Exercise details:
From the listing below, copy each line where "sign" occurs.

Given records:

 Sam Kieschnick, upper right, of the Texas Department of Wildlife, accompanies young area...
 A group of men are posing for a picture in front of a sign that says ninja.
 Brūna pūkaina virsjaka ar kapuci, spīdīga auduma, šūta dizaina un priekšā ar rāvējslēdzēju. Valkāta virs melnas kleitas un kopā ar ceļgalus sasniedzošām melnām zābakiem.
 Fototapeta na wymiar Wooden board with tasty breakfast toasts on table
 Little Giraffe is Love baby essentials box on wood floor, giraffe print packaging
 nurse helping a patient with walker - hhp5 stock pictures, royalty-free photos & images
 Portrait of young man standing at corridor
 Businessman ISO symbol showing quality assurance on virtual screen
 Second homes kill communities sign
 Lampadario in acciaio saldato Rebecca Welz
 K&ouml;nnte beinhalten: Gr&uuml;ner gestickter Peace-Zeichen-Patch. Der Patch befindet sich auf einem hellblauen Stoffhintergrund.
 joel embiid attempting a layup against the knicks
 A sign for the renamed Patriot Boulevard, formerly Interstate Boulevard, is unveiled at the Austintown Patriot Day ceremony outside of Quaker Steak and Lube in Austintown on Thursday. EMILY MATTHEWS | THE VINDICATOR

Answer to this task:
 A group of men are posing for a picture in front of a sign that says ninja.
 Second homes kill communities sign
 A sign for the renamed Patriot Boulevard, formerly Interstate Boulevard, is unveiled at the Austintown Patriot Day ceremony outside of Quaker Steak and Lube in Austintown on Thursday. EMILY MATTHEWS | THE VINDICATOR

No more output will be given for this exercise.